### Prompt
What is the number of lines below that include "rsquo"? Give that number alone.

### Records to use
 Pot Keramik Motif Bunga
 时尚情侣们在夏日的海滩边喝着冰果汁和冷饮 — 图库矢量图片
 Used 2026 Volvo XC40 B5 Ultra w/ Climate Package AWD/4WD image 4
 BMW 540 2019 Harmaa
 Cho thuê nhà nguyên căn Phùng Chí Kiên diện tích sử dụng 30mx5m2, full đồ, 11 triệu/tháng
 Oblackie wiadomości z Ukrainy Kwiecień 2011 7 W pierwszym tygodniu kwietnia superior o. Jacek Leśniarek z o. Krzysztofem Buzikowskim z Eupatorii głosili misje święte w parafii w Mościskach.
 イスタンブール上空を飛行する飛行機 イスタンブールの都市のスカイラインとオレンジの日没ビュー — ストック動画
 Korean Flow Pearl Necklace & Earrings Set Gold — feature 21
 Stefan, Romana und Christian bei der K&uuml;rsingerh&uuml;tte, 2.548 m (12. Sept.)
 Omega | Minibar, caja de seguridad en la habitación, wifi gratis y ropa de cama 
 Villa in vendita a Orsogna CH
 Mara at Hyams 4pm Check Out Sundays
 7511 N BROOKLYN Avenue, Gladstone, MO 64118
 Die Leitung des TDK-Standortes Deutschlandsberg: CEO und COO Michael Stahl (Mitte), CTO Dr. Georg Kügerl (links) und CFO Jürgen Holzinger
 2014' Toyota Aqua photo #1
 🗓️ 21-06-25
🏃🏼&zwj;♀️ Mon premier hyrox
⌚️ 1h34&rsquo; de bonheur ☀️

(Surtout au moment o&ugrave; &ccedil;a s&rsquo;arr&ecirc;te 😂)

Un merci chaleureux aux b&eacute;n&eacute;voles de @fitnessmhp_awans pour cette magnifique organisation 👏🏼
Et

### Reply
2